However, this surgical approach also means that even today, more than three years into the Trump administration, there are still some Obama-era projects that still survive.

But, I think I have a solution, and the test case is an issue that I have already discussed, and others have pointed out as well.

The problem is the Office of Federal Contract Compliance Programs in the Department of Labor. It is charged with promoting affirmative action with federal contractors. That is good. But, under the Obama administration, it began aggressively harassing and suing companies for alleged discrimination. One of the big issues is that its enforcement actions are based solely on statistical evidence.

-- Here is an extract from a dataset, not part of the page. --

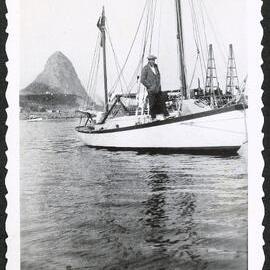 The Oyster in New Plymouth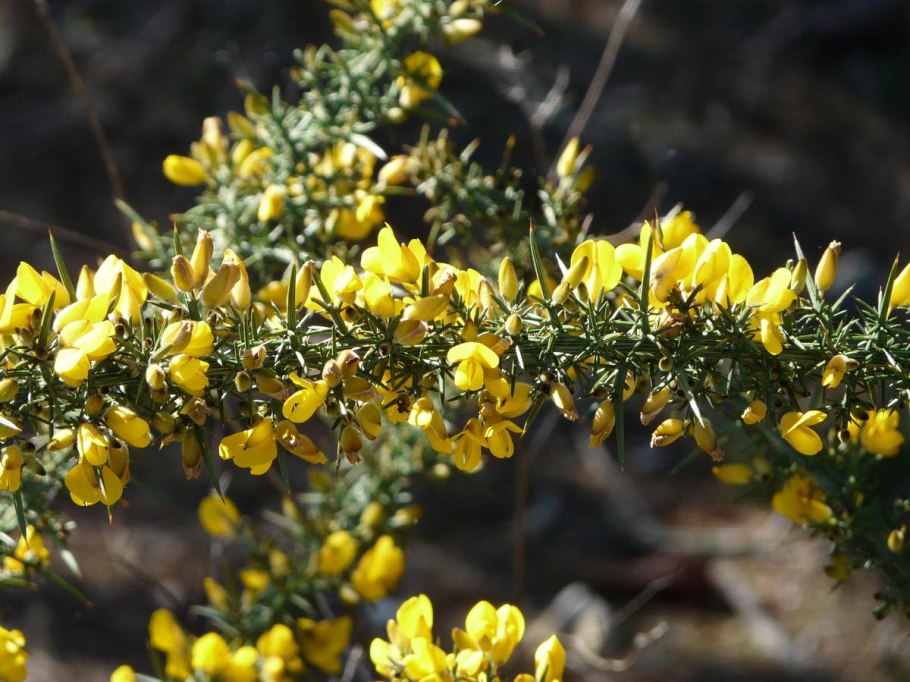 Gorse Bush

I am an economist, so I love statistics. However, economists also understand that statistics just help to tell the story. Statistics can, and should, be used to raise alarm bells, but that is where it should stop. After the alarm bells go off, the real work should start. What is wrong, what is being done to fix what is wrong, and are the statistics the right statistics. But the Office of Federal Contract Compliance Programs has taken more of a fire-first strategy going back to the Obama administration.

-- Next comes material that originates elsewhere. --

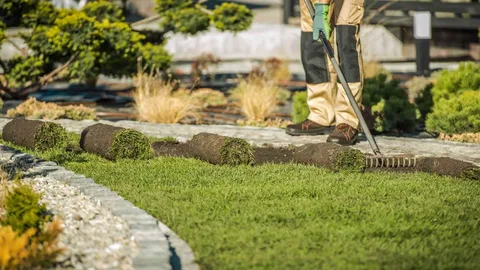 Landscaping Company in Warrington PA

Now, a left-wing activist group, Democracy Forward, has engaged. It is working to support this government attack on the private sector: Oracle v Department of Labor.

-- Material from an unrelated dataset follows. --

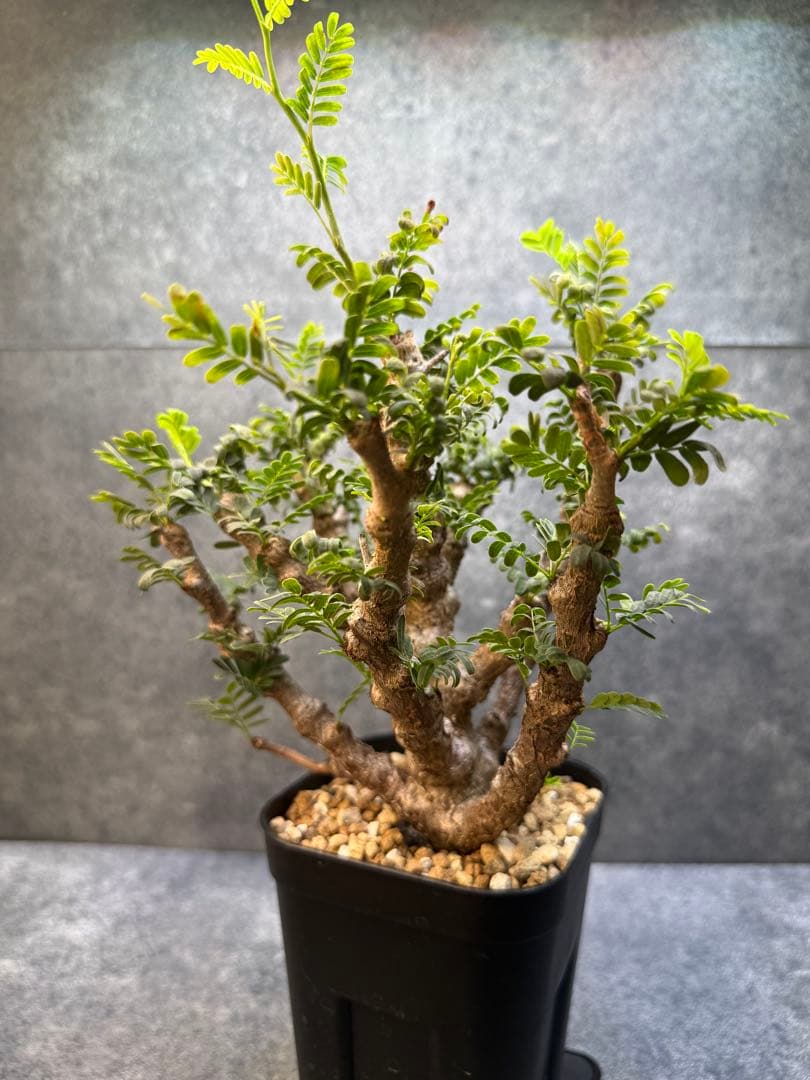 センナ　メリディオナリス　海外実生　発根済み　429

So, maybe what the Trump administration should do is wait and see when a liberal group supports something that the administration is doing — and then cancel it. Whenever these groups are supporting instead of attacking a program, the odds of the program or lawsuit involving government overreach are astronomical.

It was obvious to observers of the Oracle lawsuit that it was government overreach from the beginning, and I understand that the president has been focused on areas outside of the Department of Labor. However, now that there is “smoke,” it should go in to put out the big-government fire.

Charles Sauer (@CharlesSauer) is a contributor to the Washington Examiner’s Beltway Confidential blog. He is president of the Market Institute and previously worked on Capitol Hill, for a governor, and for an academic think tank.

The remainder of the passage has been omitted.